● Prompt
Exactly and only the lines from the one with "Pine Grosbeak (Pinicola" through the last line of the records need to be set down; please skip the pictures.

Dataset extract Block Start

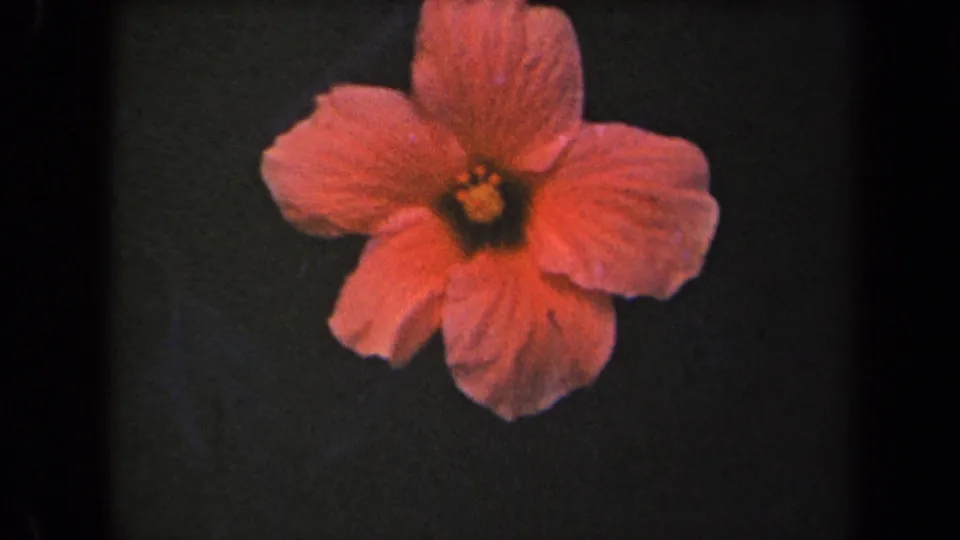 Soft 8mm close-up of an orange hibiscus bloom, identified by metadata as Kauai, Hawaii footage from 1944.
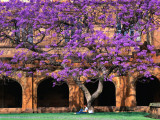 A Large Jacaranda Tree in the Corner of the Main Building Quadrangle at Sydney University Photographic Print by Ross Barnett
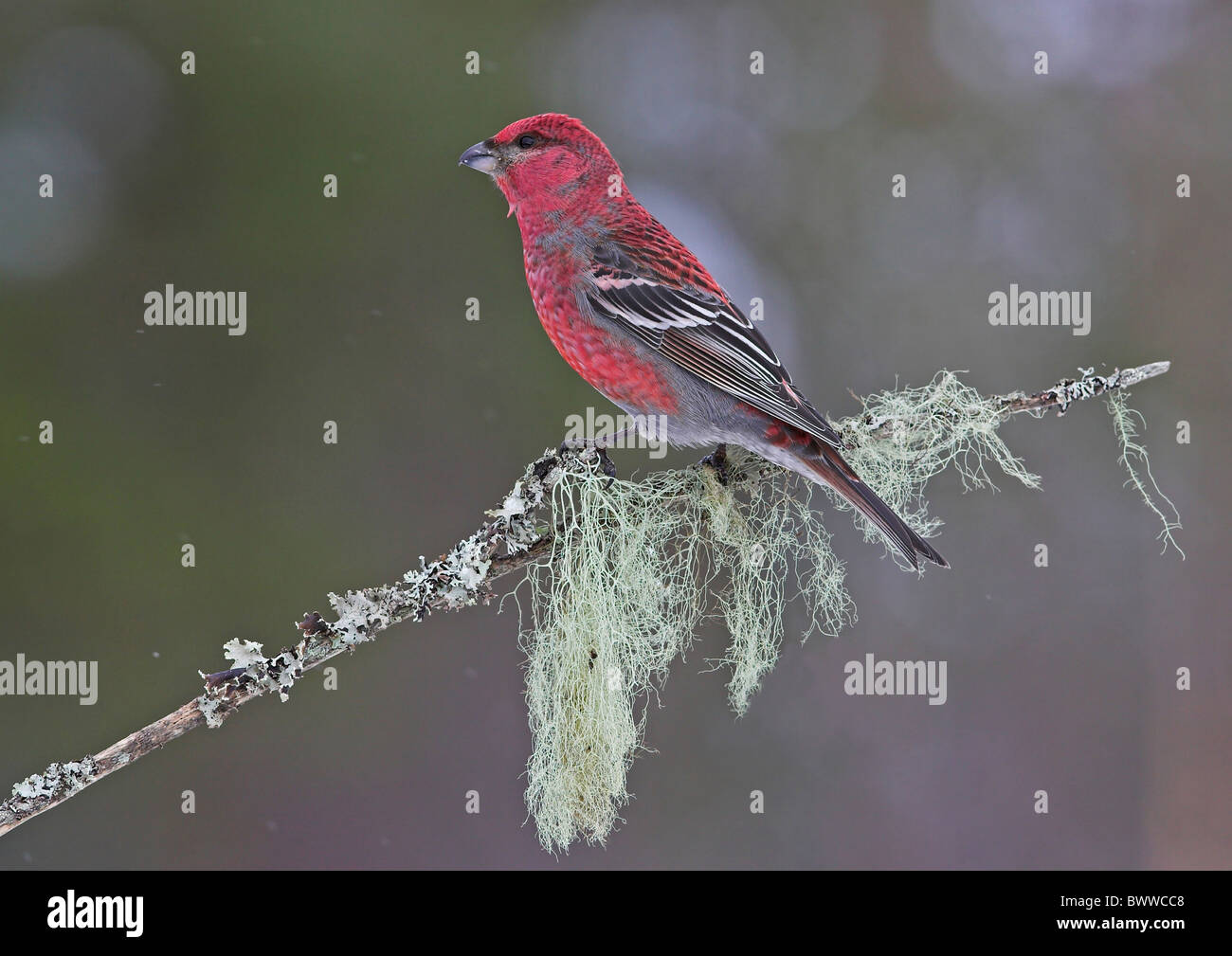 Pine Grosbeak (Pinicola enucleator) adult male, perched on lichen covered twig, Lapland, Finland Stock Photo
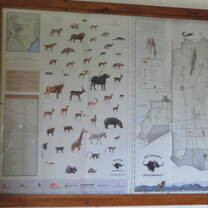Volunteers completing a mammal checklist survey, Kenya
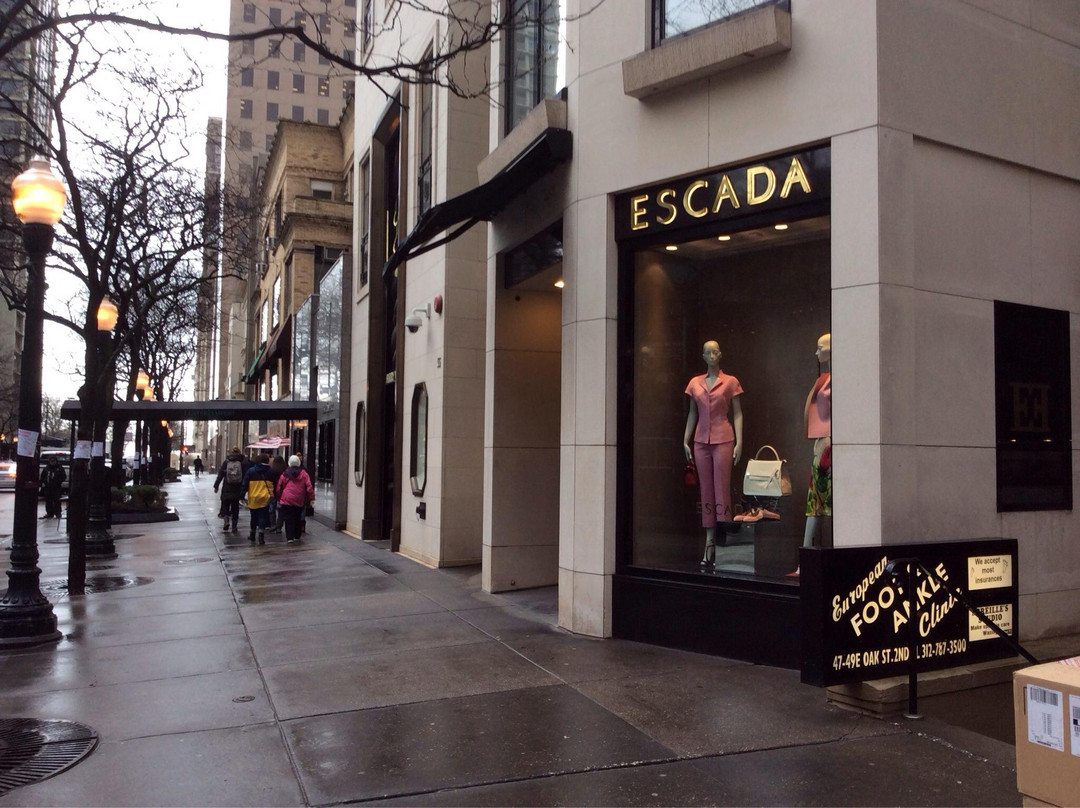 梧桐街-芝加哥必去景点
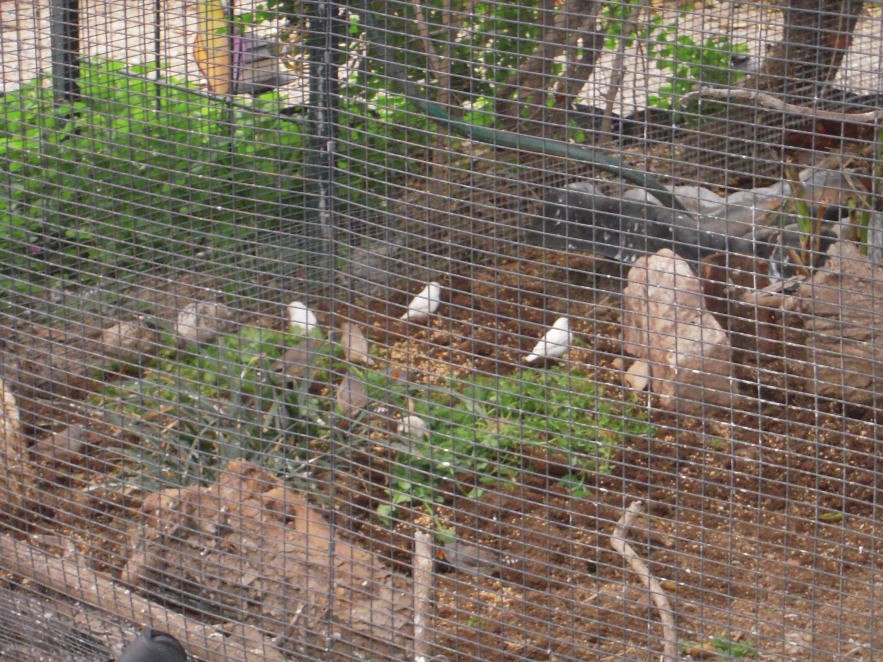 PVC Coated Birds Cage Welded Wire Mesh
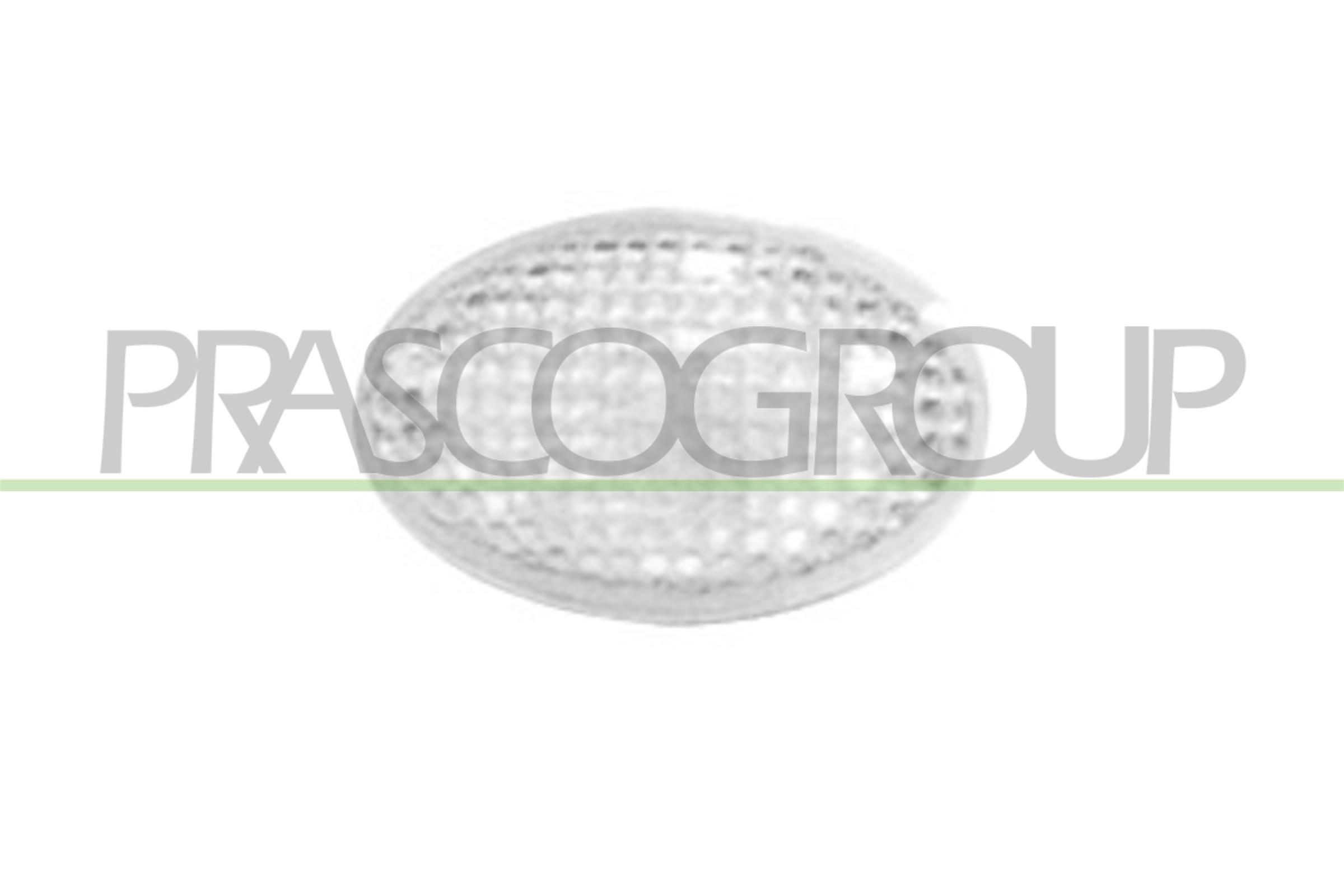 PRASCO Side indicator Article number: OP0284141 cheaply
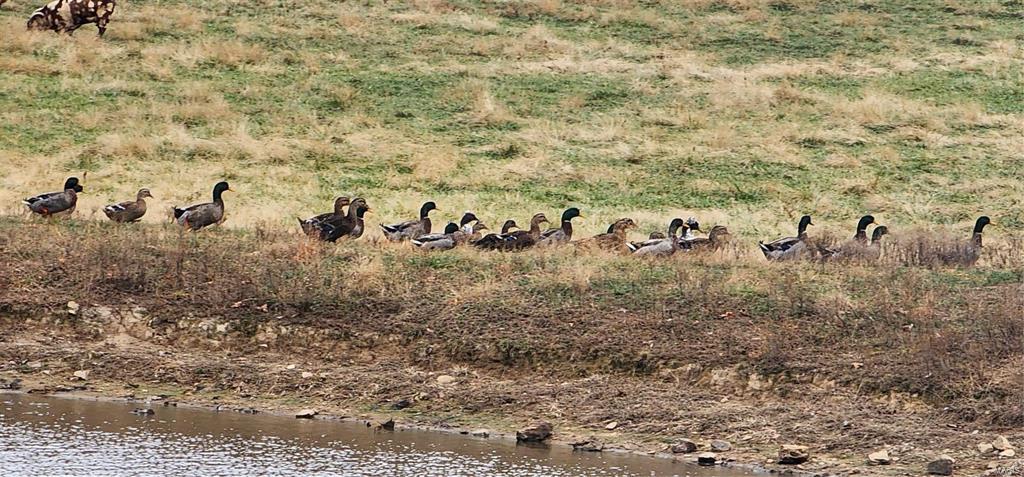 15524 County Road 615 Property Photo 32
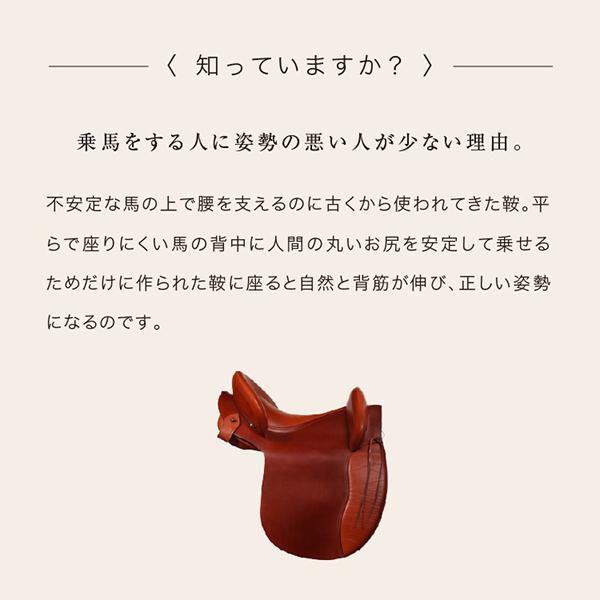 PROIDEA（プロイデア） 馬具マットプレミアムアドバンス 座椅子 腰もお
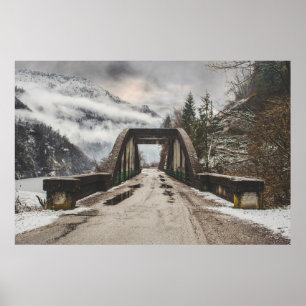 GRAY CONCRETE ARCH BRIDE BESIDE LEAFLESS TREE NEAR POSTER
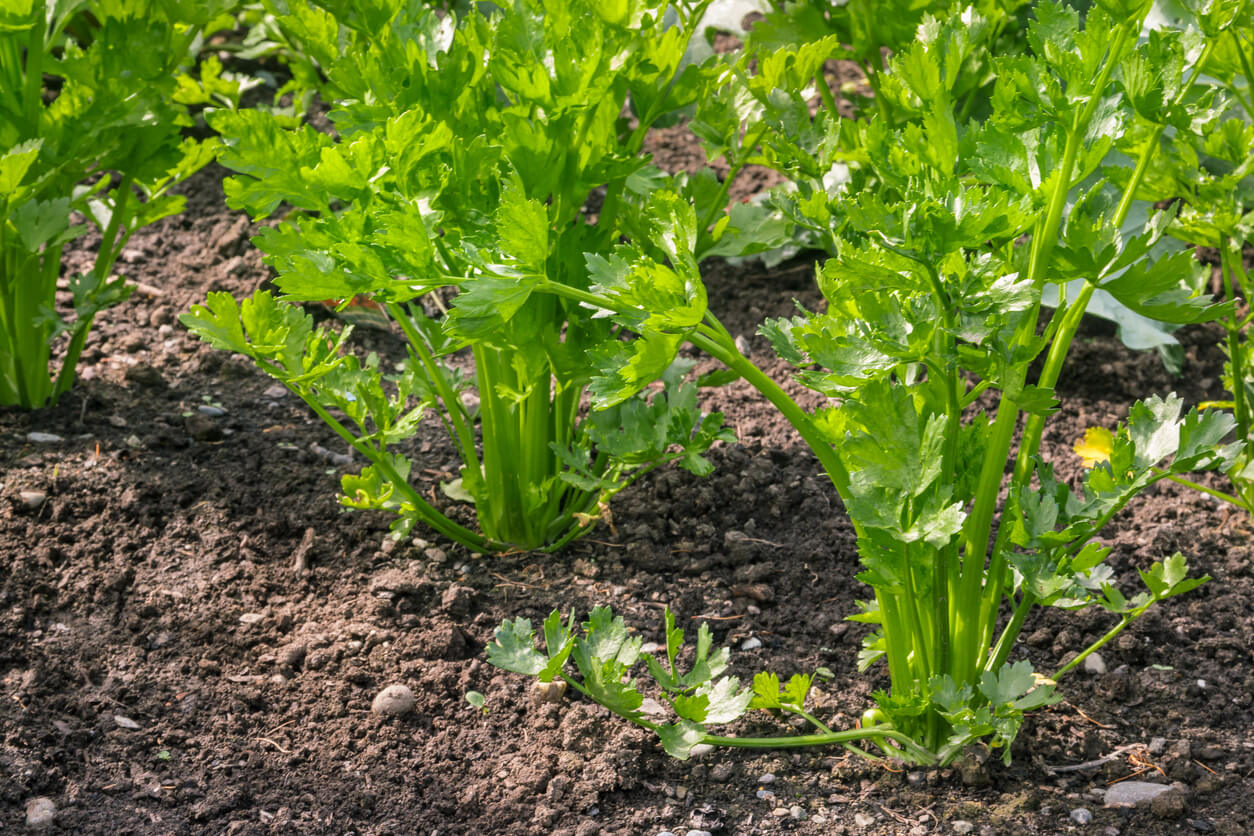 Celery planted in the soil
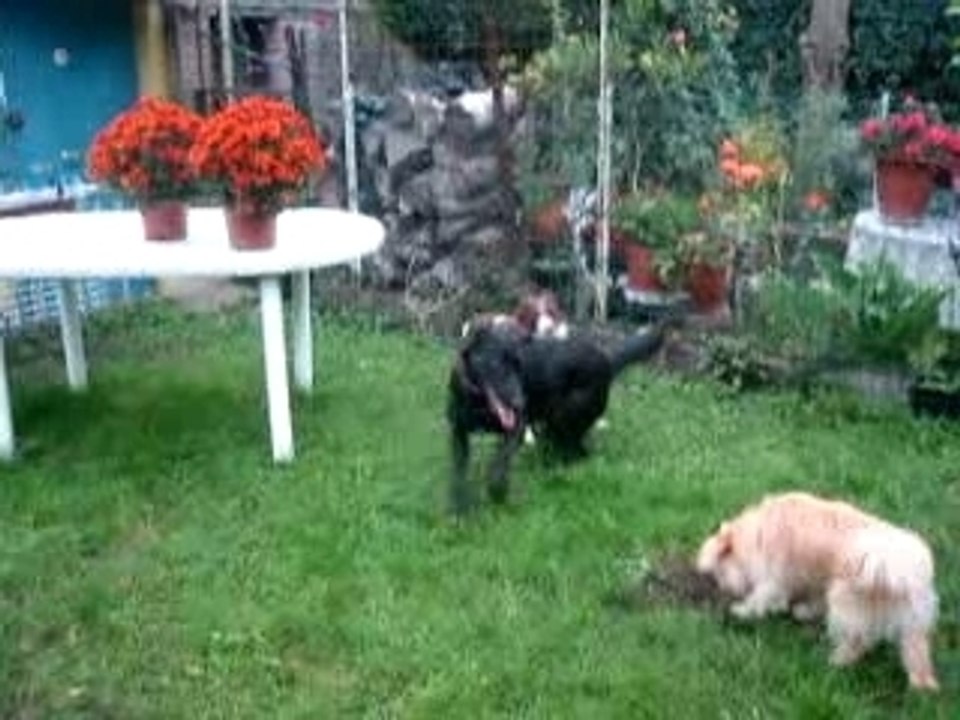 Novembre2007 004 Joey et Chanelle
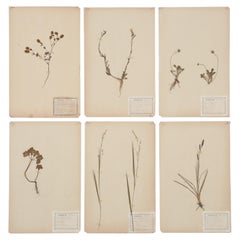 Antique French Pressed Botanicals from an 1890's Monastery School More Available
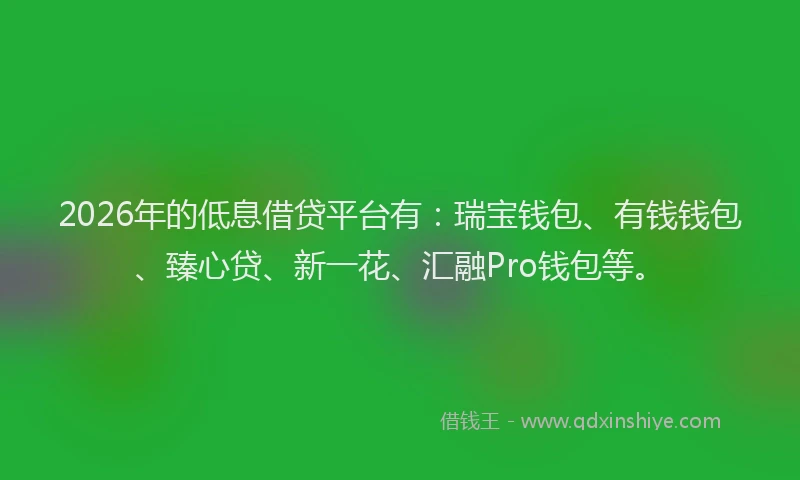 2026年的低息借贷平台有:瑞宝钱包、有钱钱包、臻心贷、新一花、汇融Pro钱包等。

Dataset extract Block End

● Solution for this task
 Pine Grosbeak (Pinicola enucleator) adult male, perched on lichen covered twig, Lapland, Finland Stock Photo
Volunteers completing a mammal checklist survey, Kenya
 梧桐街-芝加哥必去景点
 PVC Coated Birds Cage Welded Wire Mesh
 PRASCO Side indicator Article number: OP0284141 cheaply
 15524 County Road 615 Property Photo 32
 PROIDEA（プロイデア） 馬具マットプレミアムアドバンス 座椅子 腰もお
 GRAY CONCRETE ARCH BRIDE BESIDE LEAFLESS TREE NEAR POSTER
 Celery planted in the soil
 Novembre2007 004 Joey et Chanelle
 Antique French Pressed Botanicals from an 1890's Monastery School More Available
 2026年的低息借贷平台有:瑞宝钱包、有钱钱包、臻心贷、新一花、汇融Pro钱包等。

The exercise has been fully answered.